1. Why should garden centers be selling water features?
Water features are extremely popular, and they’ve been on the American Society of Landscape Architects’ (ASLA) most-wanted landscape list for the last 10 years as one of the top 10 most-requested landscaping options. Plus, they are profitable to sell. They’re easy to build — especially when you’re building with a kit that’s designed to be easy to install. People are drawn to water features because they see and hear the running water, and they like the attractiveness of them.
2. What type of water features should they be selling?
It’s really [about] a hierarchy of maintenance. If your customer is not one who would be very much into maintenance … [then] you [should] start out with fountains that are the easiest to maintain and, the easiest to install, as well. These features are typically dug into the ground.
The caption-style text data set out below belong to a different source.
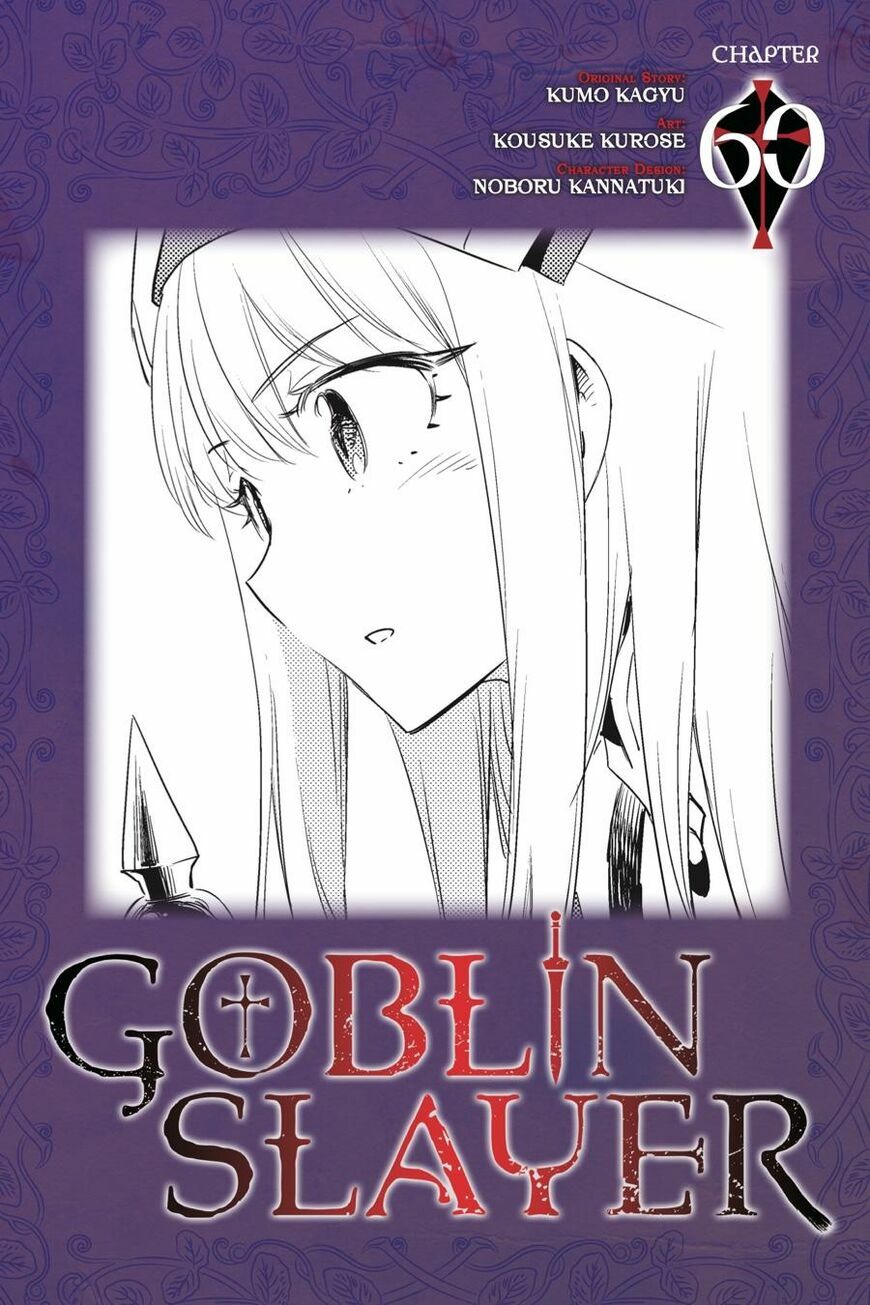 Tôi Chỉ Muốn Tiêu Diệt Goblin - Trang 1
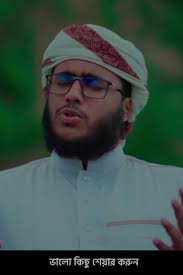 Husain Adnan Song Highlights from Kalarab Shilpi Gosti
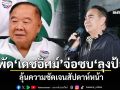 สะพัด\'เดชอิศม์\'จ่อซบ\'ลุงป้อม\' ลุ้นความชัดเจนสัปดาห์หน้า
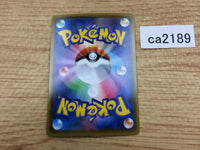 CA2189 LaprasV Water RR S4a 031/190 Pokemon Card TCG Japan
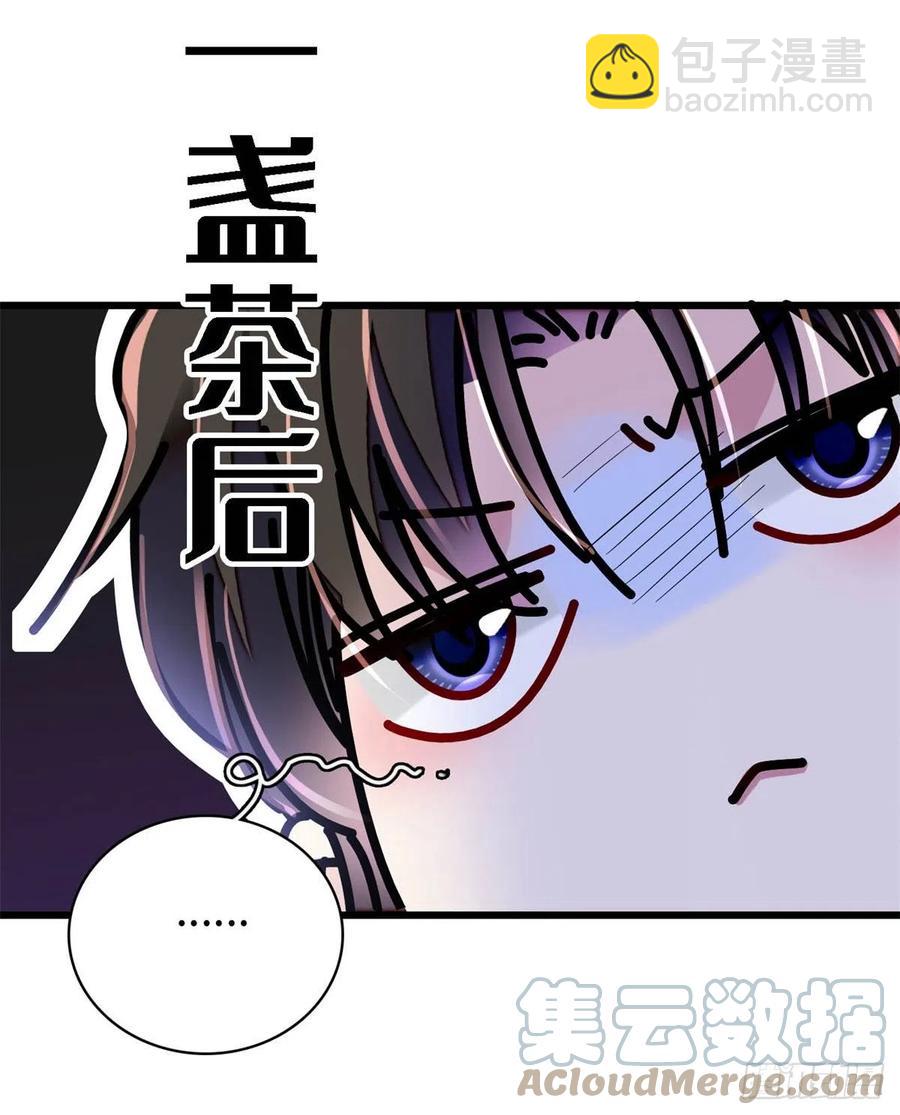 似锦韩漫全集-第213话 燕王的好运来了无删减无遮挡章节图片 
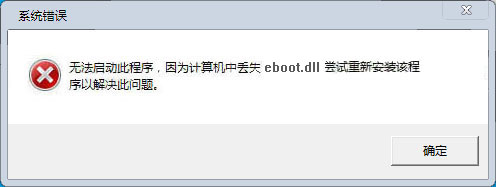 eboot.dll下载
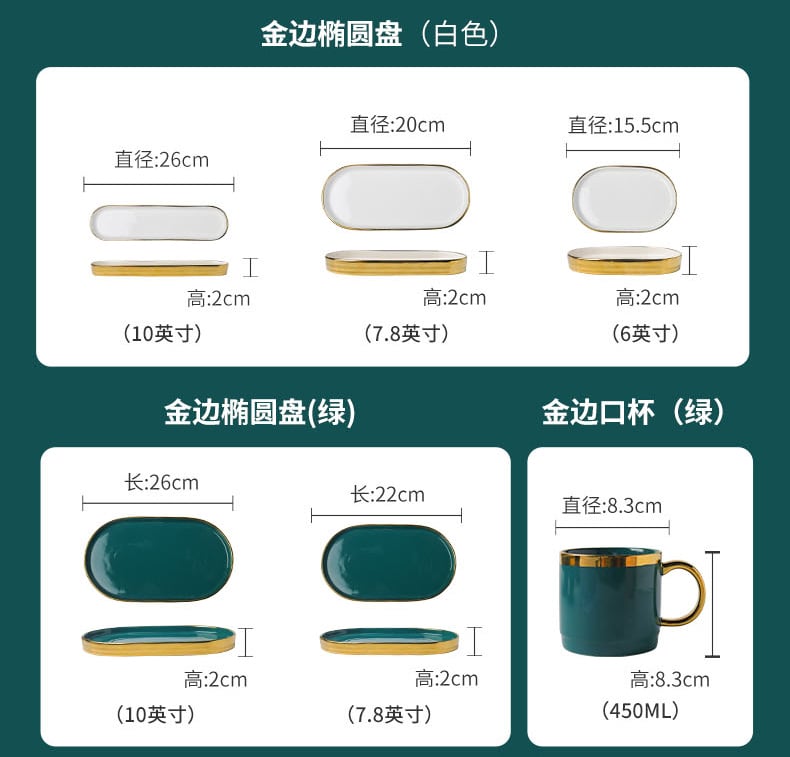 杜尚金边餐具_12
They’re simple to install because all you’re really doing is digging a hole in the ground and plugging the feature in after you’ve filled it with water.
[But] if you’re selling hardscape patio products, then you’ll be interested in formal spillway products. Those features go on a wall and spill down into a basin — and those are equally easy to install.
3. How can stores be successful selling water features?
Displays are the best way to go. You can set up something as small as 20-inches by 20-inches on the floor, which would include a basin, a pump and a small spillway spout or color falls — [for example], a basalt column on a little fountain basin. Fill those with small amounts of water, plug them in, and you have a running water feature that can be illuminated, so that people get an idea of what they’ll see in their garden. They take up very little selling space on the retail floor. They’re compact and very evocative.
4. Are water features a seasonal product?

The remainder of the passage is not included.